Lucas Leemann is Reader in political science at the University of Essex. He obtained his PhD from Columbia University where he majored in comparative politics and minored in quantitative methodology. His research in comparative politics focuses on institutional origins and direct democratic institutions. In Data Science he is interested in both measurement (IRT, MrP) and modeling (mostly hierarchical). His articles have been published or are forthcoming in the American Political Science Review, the American Journal of Political Science, the Journal of Politics, Political Analysis, Electoral Studies, the Swiss Political Science Review.
This course will introduce participants to a fascinating field of statistics. We will see how we can rely on statistical models to gain a deep understanding from data. This often involves finding optimal predictions and classifications. Machine Learning (also known as Statistical Learning) is quickly developing and is being applied in various fields such as business analytics, political science, sociology, and elsewhere.

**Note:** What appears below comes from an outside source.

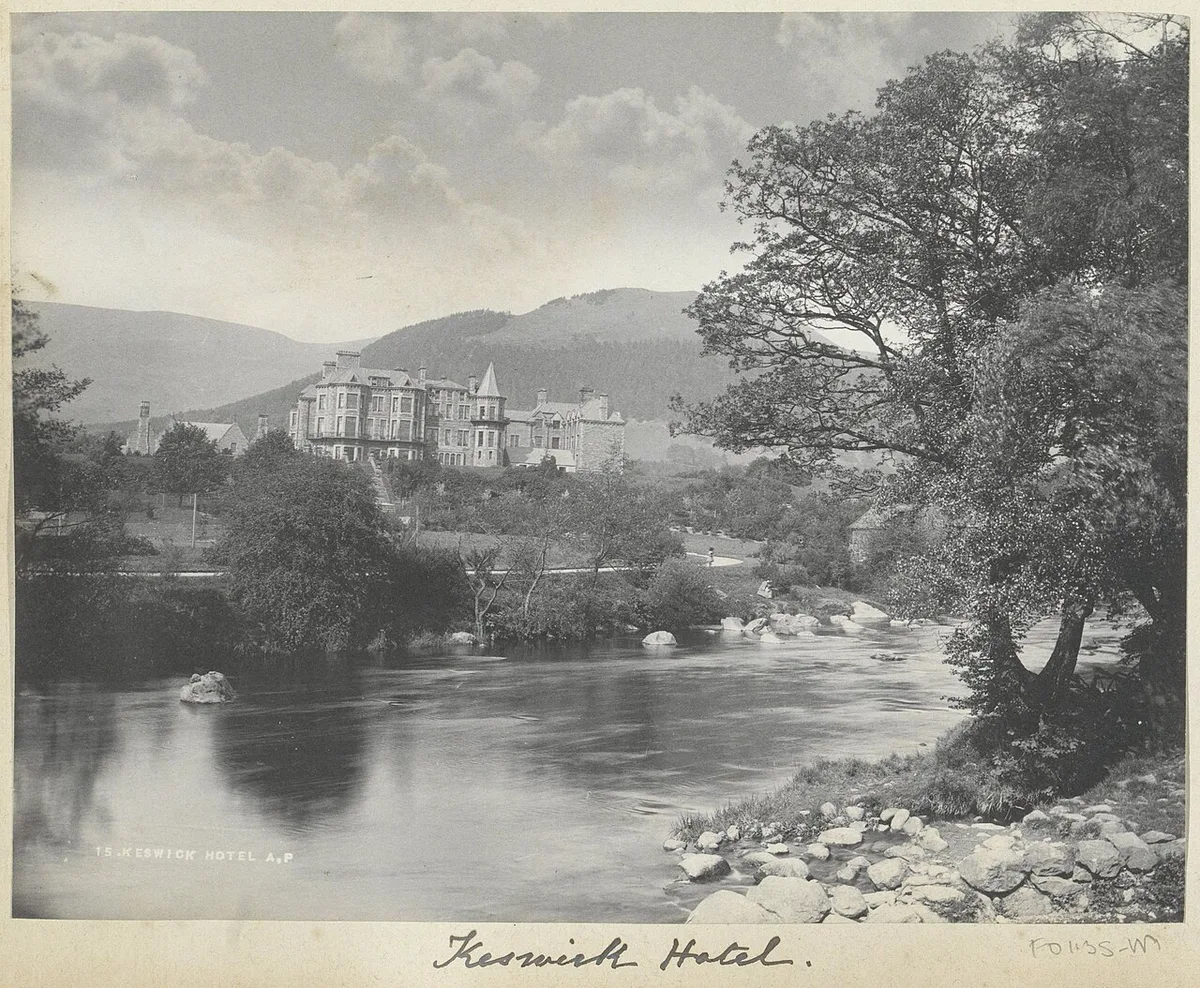 Keswick Hotel in Keswick  gezien over een water Keswick Hotel A.P (titel op object)  RP-F-F01135-M — 1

This course aims to provide an introduction to the data science approach to the quantitative analysis of data using the methods of statistical learning, an approach blending classical statistical methods with recent advances in computational and machine learning. The course will cover the main analytical methods from this field with hands-on applications using example datasets. This will allow students to gain experience with and confidence in using the methods we cover.
Students will know how to successfully apply a number of tools and models for supervised and unsupervised learning. After a short probability refresher, students will learn how to evaluate various methods based on cross-validation. We will then see how we can create optimal prediction models. Creating a good prediction model requires choosing an optimal set of explanatory variables. To this end, we will rely on subset selection, shrinkage methods, lasso, and ridge regression. Classification is another prominent topic and we will use decision trees and random forests to solve such problems. Finally, in terms of data reduction, we will rely on principle component analysis. All these tools provide the foundation for students to then solve real-world problems, potentially by combining these various approaches. The focus of this class is on giving the students sufficient practical training such that they can fruitfully apply these methods in their own work.
Students are expected to have a solid understanding of linear regression models and preferably know binary models. Some prior exposure to statistical software is beneficial but not required. The course will also provide a short introduction to RStudio at the beginning. More important than prior training will be a willingness to engage with the topics of the class.